Par ailleurs, le transport de carburant (pétrole, charbon et gaz) et de matières premières par l’industrie représente 20 % des émissions du secteur maritime au sein de l’UE. La moitié des porte-conteneurs européens a émis 22 millions de tonnes en plus en raison de l’écart de performance environnementale entre les opérations en mer et les normes de conception des bateaux.
Le transport maritime nage à contre-courant en matière de lutte contre le réchauffement climatique en raison de plusieurs incohérences réglementaires. En effet, bien que l’UE accorde à ce secteur 24 milliards d’euros d’avantages fiscaux par an pour les combustibles fossiles, elle ne l’a toujours pas inclus dans le système d’échange de quotas d’émission (SCEQE), sur la base duquel les entreprises hautement polluantes ne doivent pas dépasser certaines limites de CO2. Ces dernières ont deux manières de respecter le seuil maximum autorisé : soit elles réduisent leurs émissions excédentaires en investissant dans des technologies et des énergies plus propres, soit elles les compensent en achetant des crédits (ou des droits à polluer) correspondant aux quantités de CO2 que d’autres entreprises ont réussi à réduire. Or, en l’état actuel des choses, les compagnies maritimes européennes ne sont tenues d’adopter aucune des deux options.
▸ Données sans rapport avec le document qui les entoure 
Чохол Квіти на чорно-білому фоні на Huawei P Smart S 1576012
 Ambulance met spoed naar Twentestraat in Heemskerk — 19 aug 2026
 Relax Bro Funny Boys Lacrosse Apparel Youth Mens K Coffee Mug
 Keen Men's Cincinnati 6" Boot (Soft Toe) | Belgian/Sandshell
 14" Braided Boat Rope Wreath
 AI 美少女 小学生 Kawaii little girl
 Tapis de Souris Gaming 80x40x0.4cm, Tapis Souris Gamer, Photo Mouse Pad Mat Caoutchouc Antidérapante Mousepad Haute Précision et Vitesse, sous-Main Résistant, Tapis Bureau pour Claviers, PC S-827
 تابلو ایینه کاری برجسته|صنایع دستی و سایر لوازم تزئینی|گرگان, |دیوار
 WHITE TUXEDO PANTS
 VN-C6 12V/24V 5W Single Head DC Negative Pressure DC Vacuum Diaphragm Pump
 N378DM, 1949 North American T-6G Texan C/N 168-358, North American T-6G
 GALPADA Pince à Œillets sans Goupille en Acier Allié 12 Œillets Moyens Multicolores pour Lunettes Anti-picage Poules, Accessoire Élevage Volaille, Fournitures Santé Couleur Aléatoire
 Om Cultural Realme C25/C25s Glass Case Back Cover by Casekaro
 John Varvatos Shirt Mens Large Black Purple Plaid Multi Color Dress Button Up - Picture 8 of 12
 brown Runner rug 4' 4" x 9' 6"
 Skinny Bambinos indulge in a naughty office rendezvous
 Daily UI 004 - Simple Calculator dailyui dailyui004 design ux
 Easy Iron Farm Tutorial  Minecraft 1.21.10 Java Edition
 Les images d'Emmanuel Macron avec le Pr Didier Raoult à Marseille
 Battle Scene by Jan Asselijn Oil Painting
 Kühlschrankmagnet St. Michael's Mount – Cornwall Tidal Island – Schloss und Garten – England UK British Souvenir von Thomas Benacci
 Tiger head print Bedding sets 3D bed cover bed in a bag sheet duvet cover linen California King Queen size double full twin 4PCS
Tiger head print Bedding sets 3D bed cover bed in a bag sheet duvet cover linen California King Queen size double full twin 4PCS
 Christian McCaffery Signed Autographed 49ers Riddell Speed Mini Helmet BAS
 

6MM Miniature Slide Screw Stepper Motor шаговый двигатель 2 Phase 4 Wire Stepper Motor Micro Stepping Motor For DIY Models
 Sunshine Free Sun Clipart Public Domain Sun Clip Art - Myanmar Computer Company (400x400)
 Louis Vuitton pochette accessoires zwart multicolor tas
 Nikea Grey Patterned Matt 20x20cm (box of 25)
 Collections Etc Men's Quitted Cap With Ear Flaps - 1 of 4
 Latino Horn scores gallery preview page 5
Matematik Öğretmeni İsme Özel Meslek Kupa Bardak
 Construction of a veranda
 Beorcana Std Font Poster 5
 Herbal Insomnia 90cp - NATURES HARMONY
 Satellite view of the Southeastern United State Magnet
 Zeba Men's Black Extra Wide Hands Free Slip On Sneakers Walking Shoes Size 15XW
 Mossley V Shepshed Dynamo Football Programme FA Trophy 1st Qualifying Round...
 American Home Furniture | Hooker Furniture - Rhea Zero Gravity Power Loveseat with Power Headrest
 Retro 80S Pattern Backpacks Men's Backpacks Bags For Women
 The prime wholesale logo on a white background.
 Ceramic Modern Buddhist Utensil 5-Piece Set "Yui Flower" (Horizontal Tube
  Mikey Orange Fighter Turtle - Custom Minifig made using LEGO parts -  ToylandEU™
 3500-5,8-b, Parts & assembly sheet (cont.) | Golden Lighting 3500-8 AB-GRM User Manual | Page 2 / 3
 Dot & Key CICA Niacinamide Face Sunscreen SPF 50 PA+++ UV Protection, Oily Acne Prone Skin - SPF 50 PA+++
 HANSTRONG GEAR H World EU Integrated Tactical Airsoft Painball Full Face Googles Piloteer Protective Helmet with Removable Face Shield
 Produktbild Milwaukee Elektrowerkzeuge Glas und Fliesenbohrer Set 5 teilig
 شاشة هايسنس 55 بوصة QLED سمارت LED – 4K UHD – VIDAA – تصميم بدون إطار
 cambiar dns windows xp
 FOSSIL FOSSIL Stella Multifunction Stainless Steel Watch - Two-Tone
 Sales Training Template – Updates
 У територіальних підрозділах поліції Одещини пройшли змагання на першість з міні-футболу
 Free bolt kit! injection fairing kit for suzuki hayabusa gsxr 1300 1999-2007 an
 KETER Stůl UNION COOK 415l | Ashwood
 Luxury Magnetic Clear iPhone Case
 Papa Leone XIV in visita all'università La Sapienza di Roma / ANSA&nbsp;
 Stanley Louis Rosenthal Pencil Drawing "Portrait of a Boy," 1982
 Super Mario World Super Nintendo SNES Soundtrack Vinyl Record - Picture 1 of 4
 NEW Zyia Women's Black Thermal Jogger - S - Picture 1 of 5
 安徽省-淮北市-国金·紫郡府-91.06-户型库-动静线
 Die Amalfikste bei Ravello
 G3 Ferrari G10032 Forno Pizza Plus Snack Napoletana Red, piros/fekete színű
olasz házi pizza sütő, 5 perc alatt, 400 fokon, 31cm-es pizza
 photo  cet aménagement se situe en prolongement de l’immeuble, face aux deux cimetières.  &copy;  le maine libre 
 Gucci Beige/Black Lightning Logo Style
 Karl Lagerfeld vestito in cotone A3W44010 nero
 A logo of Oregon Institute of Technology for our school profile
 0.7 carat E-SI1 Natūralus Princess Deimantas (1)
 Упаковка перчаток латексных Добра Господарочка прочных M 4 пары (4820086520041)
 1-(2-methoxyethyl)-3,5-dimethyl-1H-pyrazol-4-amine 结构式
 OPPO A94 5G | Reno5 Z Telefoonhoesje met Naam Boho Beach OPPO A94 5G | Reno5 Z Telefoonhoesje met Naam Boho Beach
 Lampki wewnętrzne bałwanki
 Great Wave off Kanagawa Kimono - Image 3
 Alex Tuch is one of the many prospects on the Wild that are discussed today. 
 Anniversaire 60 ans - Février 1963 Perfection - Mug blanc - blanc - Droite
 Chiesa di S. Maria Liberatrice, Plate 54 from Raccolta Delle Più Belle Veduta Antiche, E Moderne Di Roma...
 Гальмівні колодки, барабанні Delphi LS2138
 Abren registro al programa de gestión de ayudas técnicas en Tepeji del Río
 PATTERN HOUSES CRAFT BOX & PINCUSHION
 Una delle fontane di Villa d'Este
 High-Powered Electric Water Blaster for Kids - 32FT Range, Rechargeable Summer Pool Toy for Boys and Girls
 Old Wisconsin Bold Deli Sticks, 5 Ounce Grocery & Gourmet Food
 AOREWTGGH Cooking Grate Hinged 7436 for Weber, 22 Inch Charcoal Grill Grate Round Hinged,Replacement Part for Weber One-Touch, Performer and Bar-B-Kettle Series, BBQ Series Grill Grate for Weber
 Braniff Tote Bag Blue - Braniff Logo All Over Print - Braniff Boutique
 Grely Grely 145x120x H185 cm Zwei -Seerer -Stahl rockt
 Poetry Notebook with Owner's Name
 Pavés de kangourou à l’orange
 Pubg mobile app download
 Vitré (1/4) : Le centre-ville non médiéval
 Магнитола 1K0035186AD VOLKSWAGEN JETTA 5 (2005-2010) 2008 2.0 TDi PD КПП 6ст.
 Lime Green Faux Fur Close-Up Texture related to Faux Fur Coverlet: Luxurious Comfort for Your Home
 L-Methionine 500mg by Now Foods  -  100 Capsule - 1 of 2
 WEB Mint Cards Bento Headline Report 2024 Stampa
Elles peuvent donc continuer à polluer gratuitement et n’ont aucun intérêt à se tourner vers des carburants et des moteurs écologiques.
Pendant plus de 20 ans, l’UE a tenté en vain de soumettre ces entreprises au SCEQE en négociant, au sein de l’Organisation maritime internationale, la mise en œuvre d’un système similaire applicable dans le monde entier, afin d’éviter que ses propres compagnies ne soient pénalisées face à la concurrence étrangère. Le Protocole de Kyoto sur le changement climatique, signé en 1997, exigeait même de trouver une solution pour le transport maritime. Un accord sur un plan global d’action a été trouvé en 2018 mais n’a encore été suivi d’aucune initiative concrète en la matière. La nouvelle présidente de la Commission européenne, Ursula von der Leyen, a annoncé vouloir y remédier. Tout reste encore à prouver.